PS: (sorry for my english :thumbsdow)


----------



## Mash (Mar 31, 2008)

Can you give us more info on the use?


----------



## Murilo (Apr 1, 2008)

Mash said:


> Can you give us more info on the use?




Sure, 

Im making a little led blade, in this form:
http://img521.imageshack.us/img521/91/dsc09431bw6.jpg

But i dont know which is the best way to drive then, maybe someone have a better idea then my (using lm3404hv)

the heatsink
http://img527.imageshack.us/img527/4931/heatsinkyq8.th.jpg

the blade with glue on heatsink
http://img262.imageshack.us/my.php?image=bladefullcb5.jpg

not necessary this wiring...
http://img527.imageshack.us/my.php?image=halfwiredbladerk7.jpg


can someone help me please? :$


----------



## Shaocaholica (Apr 3, 2008)

Are they all in series? Won't that be like 300V+ input? Thats pretty high.


----------



## dat2zip (Apr 3, 2008)

Murilo said:


> Hi all
> My name is Murilo, im from Brazil and im trying to turn on at same time 92 Cree P4 leds.
> 
> Im was thinking about using 5 or 6 Lm3404HV but i dont know if its the best option, can someone give me some tips? ^^
> ...



What is the supply range? You mention 73V. If that is a battery what is the full charge state and what is the fully discharged state voltage?

You might be better off with a linear regulator for some of the strings and the odd remainder a LM3404HV for the balance.

Another possibility if Vin doesn't vary too much is just a plain resistor.

Wayne


----------



## Murilo (Apr 3, 2008)

Shaocaholica said:


> Are they all in series?
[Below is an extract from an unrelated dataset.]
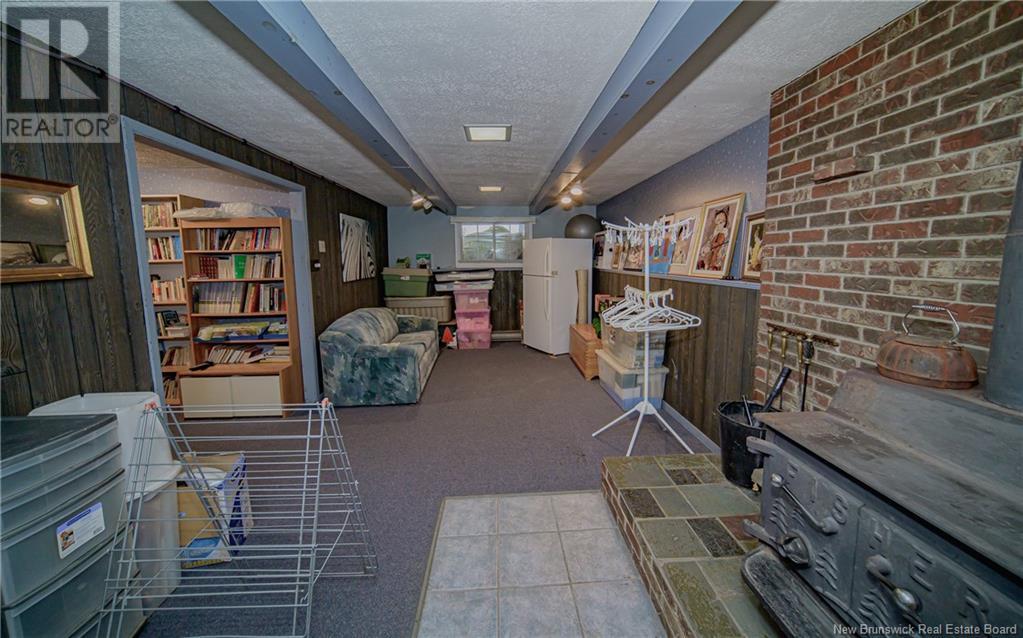 168 Mcgregor Street, Fredericton, New Brunswick  E3G 7V5 - Photo 34 - NB119201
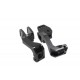 HB RACING Caster Block Set V4 (17.5 degree) HB204377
Won't that be like 300V+ input? Thats pretty high.



Not, on 5*lm3404hv im thinking in 3 lines with 18 leds in series and 2 lines with 19 leds in series, i will use exactly 92 leds, so maybe i need a 74v @6A suplly. 


Or can use 6*lm3404hv with 4 lines with 15 leds in series and 2 lines with 16 leds in series, in this configuration i need a ~65v @6/7A supply.
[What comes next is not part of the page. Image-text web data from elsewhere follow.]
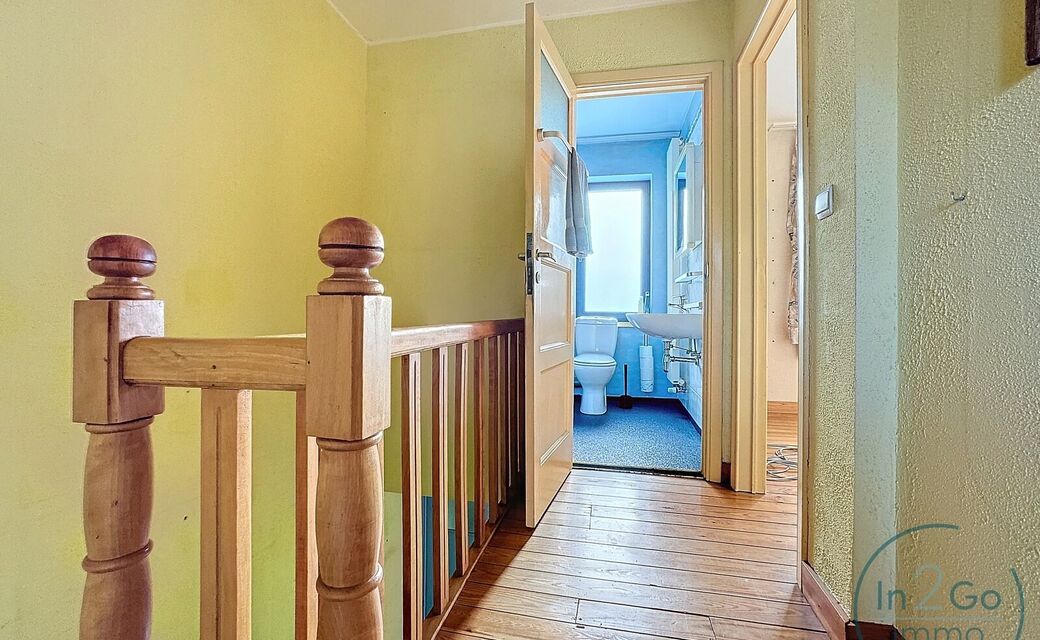 Huis te koop in Leuven Heverlee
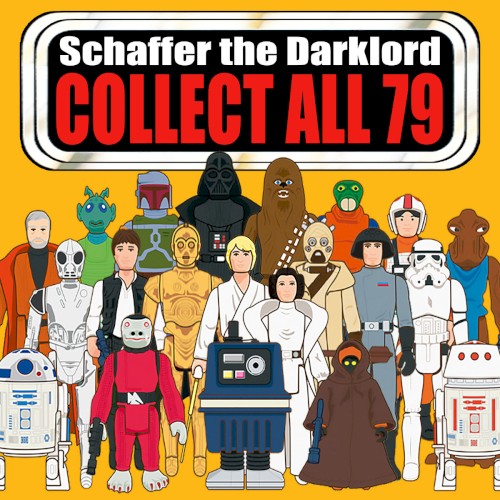 Collect All 79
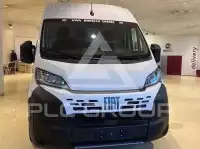 2026 Fiat Ducato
I was thinking in use computer power suplly with mod for higher output, i think i easy get about 20v 8A(i have 5 ps in my hands ), but the problem is the current of it.... i dont know how i can control it.. 
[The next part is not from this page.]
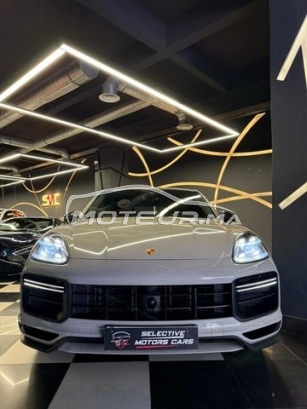 بورش كاييني مستعملة 3419040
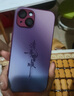 Apple/苹果 iPhone 14 (A2884) 256GB 蓝色 支持移动联通电信5G 双卡双待手机 实拍图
A friend in China found the lm3404hv for ~8 USD, and just for tell i buy a 300w AT power suplly for less then 8 USD, so idk what i can use 











Someone can help me? has some better idea?

Tks
Murilo


----------



## Mel_PL (Apr 3, 2008)

Murilo said:


> Hi all
> 
> Someone have a better way to do this array?
> 
> ...




Put off 2 LEDs, you got 90 pieces then.
Make 30 x 3 in series (each "three" with a resistor) fed from appropriate SLA. It will eat about 30 amps .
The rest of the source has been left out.